Medium Equilibrium Constant (Kc) Practice Questions

Concept Explanation

The equilibrium constant (Kc) is a numerical value that expresses the ratio of product concentrations to reactant concentrations at chemical equilibrium, with each concentration raised to the power of its stoichiometric coefficient. This constant is specific to a particular temperature and provides a quantitative measure of the extent of a reaction. When a system reaches chemical equilibrium, the rates of the forward and reverse reactions are equal, and the concentrations of the species involved remain constant over time.

To calculate Kc for a general reaction \( aA + bB \rightleftharpoons cC + dD \), we use the following expression:

Kc = [C]c [D]d / [A]a [B]b

In this expression, square brackets represent molar concentrations (mol/L). It is vital to remember that only gaseous and aqueous species are included in the Kc expression; pure solids and liquids are omitted because their concentrations remain constant. Understanding Kc is essential for predicting the direction of a reaction and is closely related to other thermodynamic concepts like enthalpy change and Gibbs free energy. If Kc is much greater than 1, the equilibrium favors the products; if Kc is much less than 1, the equilibrium favors the reactants.

Many students find it helpful to use an \"ICE\" table (Initial, Change, Equilibrium) to track concentration changes during a reaction. This method is particularly useful when you are given initial concentrations and only one equilibrium value or the Kc value itself. If you are also studying acid-base chemistry, you might notice similarities between Kc and Ka and Kb calculations, which are specific types of equilibrium constants for weak acids and bases.

Solved Examples

Review these step-by-step solutions to master the application of the Kc formula in various scenarios.

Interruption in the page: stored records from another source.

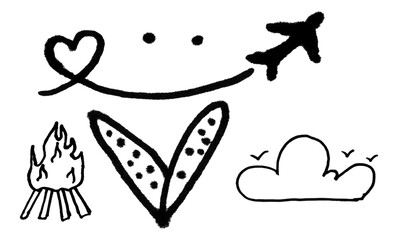 Camping and travel themed doodle art with campfire airplane trail and fluffy cloud shapes © Pure Pixels (PNG)
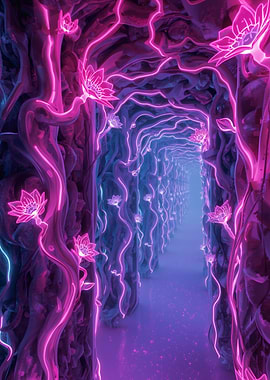 Neon Floral Tunnel
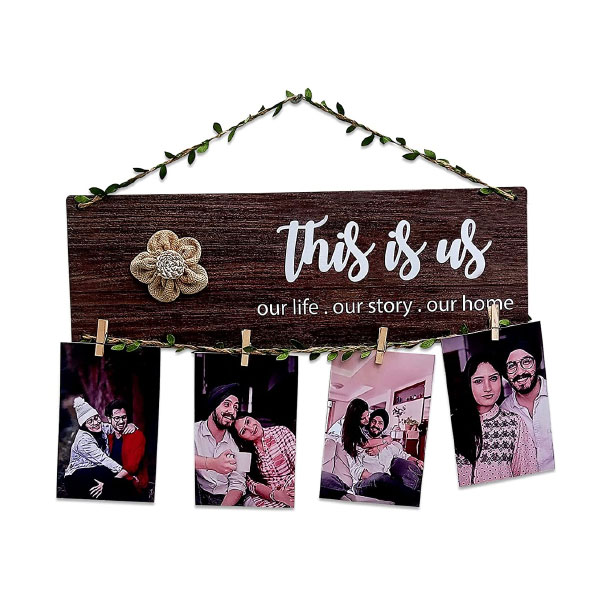 Wooden Wall Hanging Collage Organizer with Clips and Ropes  Manufacturers, Suppliers in West Siang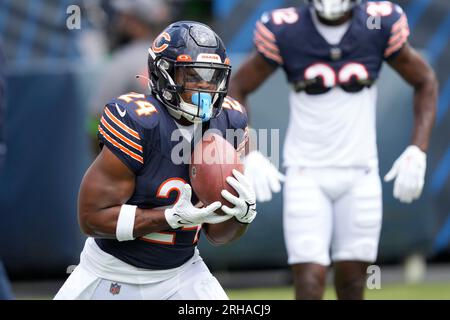 Chicago Bears' Khalil Herbert heads to the end zone for a touchdown in an  NFL preseason football game against the Tennessee Titans Saturday, August  12, 2023, in Chicago. (AP Photo/Charles Rex Arbogast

1. Example 1: Calculating Kc from Equilibrium Concentrations
   Consider the reaction: \( N_2(g) + 3H_2(g) \rightleftharpoons 2NH_3(g) \). At equilibrium in a 1.0 L flask, there are 0.25 mol of \( N_2 \), 0.15 mol of \( H_2 \), and 0.50 mol of \( NH_3 \). Calculate Kc.

   1. Identify the concentrations: Since the volume is 1.0 L, molarity equals moles. [N₂] = 0.25 M, [H₂] = 0.15 M, [NH₃] = 0.50 M.

   2. Write the Kc expression: Kc = [NH₃]² / ([N₂][H₂]³).

   3. Substitute the values: Kc = (0.50)² / (0.25 × (0.15)³).

   4. Calculate the result: Kc = 0.25 / (0.25 × 0.003375) = 1 / 0.003375 ≈ 296.3.

2. Example 2: Using an ICE Table
   For the reaction \( H_2(g) + I_2(g) \rightleftharpoons 2HI(g) \), the initial concentrations of \( H_2 \) and \( I_2 \) are both 1.00 M. At equilibrium, the concentration of \( HI \) is 1.50 M. Find Kc.

   1. Set up the ICE table. Initial: [H₂]=1.00, [I₂]=1.00, [HI]=0.

   2. Determine the Change: Since [HI] went from 0 to 1.50, the change (+2x) is 1.50. Therefore, x = 0.75.

   3. Calculate Equilibrium concentrations: [H₂] = 1.00 - 0.75 = 0.25 M; [I₂] = 1.00 - 0.75 = 0.25 M.

   4. Write Kc expression and solve: Kc = [HI]² / ([H₂][I₂]) = (1.50)² / (0.25 × 0.25) = 2.25 / 0.0625 = 36.

3. Example 3: Dealing with Different Volumes
   In a 2.0 L container, 4.0 moles of \( PCl_5 \) decompose into \( PCl_3 \) and \( Cl_2 \). At equilibrium, 0.8 moles of \( Cl_2 \) are present. Calculate Kc for \( PCl_5(g) \rightleftharpoons PCl_3(g) + Cl_2(g) \).

   1. Convert moles to molarity: Initial [PCl₅] = 4.0 mol / 2.0 L = 2.0 M. Equilibrium [Cl₂] = 0.8 mol / 2.0 L = 0.4 M.

   2. Set up ICE: [PCl₅] starts at 2.0, changes by -x. [PCl₃] and [Cl₂] start at 0, change by +x.

   3. Solve for x: Since equilibrium [Cl₂] is 0.4, x = 0.4.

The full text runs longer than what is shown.